The Conversion of King Edwin
A substantial part of Bede’s Ecclesiastical History is taken up with the long process of Edwin’s conversion to Christianity and, as a result, we have the first character portrait of English literature. Bede portrays Edwin as cautious and capable, a king weighing up the relative advantages of remaining true to the gods of his fathers or accepting the new god. The single most famous scene in Bede tells of the council that Edwin summoned, gathering his warriors and also his existing priesthood, to debate the merits or otherwise of conversion.
Rather unexpectedly, according to Bede the most enthusiastic advocate for conversion was Coifi, Edwin’s pagan priest. As Bede had close contacts with the Northumbrian royal court, there’s no reason to think that he made this up. According to Coifi, he had done everything the gods required of him, making sacrifice, offering up prayers, doing all that was required and, in return, he was no better off than men who had ignored the gods.

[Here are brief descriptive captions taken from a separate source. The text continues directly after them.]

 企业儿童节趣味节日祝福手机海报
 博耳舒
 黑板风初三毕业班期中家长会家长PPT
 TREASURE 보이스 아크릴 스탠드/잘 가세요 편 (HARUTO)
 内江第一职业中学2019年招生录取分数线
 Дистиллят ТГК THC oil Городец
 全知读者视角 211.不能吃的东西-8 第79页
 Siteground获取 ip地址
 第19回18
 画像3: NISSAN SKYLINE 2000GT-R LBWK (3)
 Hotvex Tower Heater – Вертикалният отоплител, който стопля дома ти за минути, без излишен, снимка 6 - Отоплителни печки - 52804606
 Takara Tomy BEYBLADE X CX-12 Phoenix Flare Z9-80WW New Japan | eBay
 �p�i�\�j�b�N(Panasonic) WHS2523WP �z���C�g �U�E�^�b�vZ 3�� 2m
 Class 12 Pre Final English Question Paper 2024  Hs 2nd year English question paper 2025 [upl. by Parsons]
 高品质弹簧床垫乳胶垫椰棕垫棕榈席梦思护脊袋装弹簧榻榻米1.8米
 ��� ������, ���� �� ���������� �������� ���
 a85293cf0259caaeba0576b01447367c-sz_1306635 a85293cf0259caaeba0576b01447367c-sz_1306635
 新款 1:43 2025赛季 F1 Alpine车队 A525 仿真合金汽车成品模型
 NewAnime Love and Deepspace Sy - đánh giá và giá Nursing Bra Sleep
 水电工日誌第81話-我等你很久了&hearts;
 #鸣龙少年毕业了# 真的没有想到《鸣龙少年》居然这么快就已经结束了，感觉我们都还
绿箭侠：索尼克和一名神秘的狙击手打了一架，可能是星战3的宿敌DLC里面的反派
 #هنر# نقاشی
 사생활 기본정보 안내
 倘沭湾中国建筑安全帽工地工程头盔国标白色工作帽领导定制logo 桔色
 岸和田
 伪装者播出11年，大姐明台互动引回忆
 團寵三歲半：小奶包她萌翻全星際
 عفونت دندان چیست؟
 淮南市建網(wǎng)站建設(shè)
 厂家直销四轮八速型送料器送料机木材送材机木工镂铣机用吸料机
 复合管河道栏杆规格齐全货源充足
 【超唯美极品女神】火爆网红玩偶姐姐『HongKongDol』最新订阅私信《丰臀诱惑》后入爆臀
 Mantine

While it might seem strange to us that a priest should advocate giving up his religion on such pragmatic grounds, it does fit with the basic point of polytheistic religion. The world these religions dealt with was uncertain: disease, storms, famine and death stalked the world, personified by the powers of sky and earth. The gods, as those personifications, were as fickle as their earthly powers. The key purpose of religion was to change the odds in your favour by appeasing and placating inscrutable gods.
But Coifi says up front that he’d done all that to no end. He’d performed the rituals, made the sacrifices, done all that the gods asked of him, and it had not produced results. So rather like a man washing his hands of an unfaithful lover, he throws the old gods over and suggests they try their luck with a new god.